Art in the Park

Tremenheere Gardens Sculpture Park

We know the world and his wife goes to Cornwall for the holidays but with places like Tremenheere to visit, who can blame them?

Tremenheere is a Sculpture Park. A visual delight. A garden of Eden.

Depending on when you go, you start your journey by winding through fields of daffodils, peonies or agapanthus being grown on the local farm. After a short while, the narrow, zig-zagging Cornish road reveals the entrance to a discreet car park surrounded by abundant planting and weathered standing stones. You feel you have arrived at a secret place far from the madding crowd.
Walk towards the contemporary timber and slate café, gift shop and plant nursery complex and the park opens up on the left with a gently sloping grassy hillside facing a glorious view of St. Michael’s mount floating on a hazy sea and a collection of impressive sculptures. Impressive in scale, variety and execution. Here you can ponder the sculptures or simply sit, eat, drink and admire the vista.

Detail from Darren Hawkes Chelsea Garden at Tremenheere

To the right, almost daring you to approach, is a shaded path. I would recommend that you definitely accept the challenge as this is where something really magical begins. The path follows a vibrant, bubbling channel of sparkling water rushing down the slope past you and a lush greenness envelopes you. As you snake your way deeper and higher into the unexpected forest, temperate flora gives way to a far more sub-tropical scene. Jurassic-sized tree ferns, banana trees, Agaves and Nesperas fill the hillside. Water is everywhere in the form of a myriad of streams, water-logged moss and deep, lily-covered pools filling the air with its scent, sound and life. Butterflies flutter and dragonflies dart from plant to plant and the modern world seems a million miles away.

Flora at the Tremenheere Sculpture Gardens

Transported to this other world, the sculptures that line the route pop out like lost artefacts in an Indiana Jones film. Simultaneously at one with their surroundings and in complete juxtaposition, they demand your attention and allow you to slow your journey to contemplate and wonder. Internationally renowned artists such as Kishio Suga, David Nash and Richard Long have created this series of site-specific artworks in a range of materials, subjects and techniques appealing to all tastes.
Climbing above the canopy, sun-kissed gravelled terraces are home to super-sized succulents and a number of viewing platforms. Sit, catch your breath and reflect at your leisure.
The sculptures get larger as the hill top emerges and the really stand out feature here is an installation by American artist, James Turrell RA. Tewlwolow Kernow is one of his spectacular skyspaces – a room that frames a portion of the sky through a hole in the roof allowing for some serious contemplation of the moving clouds above and the movement of light along the walls.

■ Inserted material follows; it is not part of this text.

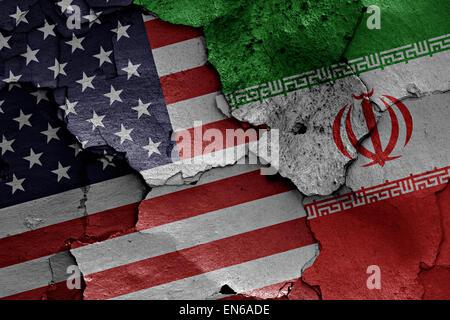 Flaggen der USA und dem Iran auf rissige Wand gemalt Stockfoto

A truly beautiful space.

Tewlwolow Kernow by James Turrell at Tremenheere

Meander back down the hillside passing more intriguing sculptures and exquisite plants and come back out of the woods onto the lush grass. Ahead of you is the oak-framed gallery that displays a regularly changing exhibition of paintings and small sculptural pieces by local, national and international artists. With two floors, it is one of the largest purpose-built galleries in Cornwall and well worth a look. A must for an arty day out.

A Brief History of the Garden

The hillside site was farmland for the monks of St. Michaels up until the Tremenheere family purchased it in the late 13th century. It stayed in the family for over 600 years and it was thanks to Seymour Tremenheere, who started the planting in the early 19th century, that the gardens began to take shape. The Sculpture Park that you can visit today is down to the vision of Neil Armstrong who has harnessed the natural rugged beauty of the area and worked to use its highly-favoured micro-climate to create a very special garden.